My own research focuses on the genetics of complex developmental disorders, especially schizophrenia and serious congenital cardiac disease, as well as 22q11.2 deletion syndrome and other disorders associated with major structural changes in the human genome. My work shows how translating relevant genetic findings into the clinic can help patients and their families. Of many colleagues at IMS who have encouraged me through various stages of my career are Mary Seeman, Brenda Toner and, even before she became Dean in 2005, Cathy Whiteside.

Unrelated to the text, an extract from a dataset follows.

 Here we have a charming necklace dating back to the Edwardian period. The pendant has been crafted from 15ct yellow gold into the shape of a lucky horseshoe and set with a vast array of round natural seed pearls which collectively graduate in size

I supervise graduate students and other students and trainees at all levels affiliated with IMS and in 2017 I received the IMS Mel Silverman Mentorship award. Amongst many highlights over the years are my most recent three PhD students. Greg Costain, an MD/PhD student was awarded a Vanier Canada Graduate Scholarship, and 2012 CIHR Institute of Genetics Lap-Chee Tsui Publication Award. He defended his thesis containing 8 published papers after just 3.5 years in 2013. Nancy Butcher defended her thesis containing 6 published papers, supported by a CIHR Frederick Banting and Charles Best Canada Graduate Scholarship and Brain Canada Training Award. Chelsea Lowther, now a postdoctoral fellow at Harvard on a CIHR Fellowship, defended her thesis in November 2017 with 8 published papers, transferring in 2014 from a Masters program at IMS supported by Open Fellowship awards, to a CIHR Frederick Banting and Charles Best Canada Graduate Scholarship for her PhD.
Between these three IMS students, we have published over 60 papers, a testament to the productivity boost of successful IMS students. Greg, Nancy and Chelsea have also all participated actively in IMS and University activities, including the IMS Magazine, have mentored other students and are well on their way to launching their own scientific careers.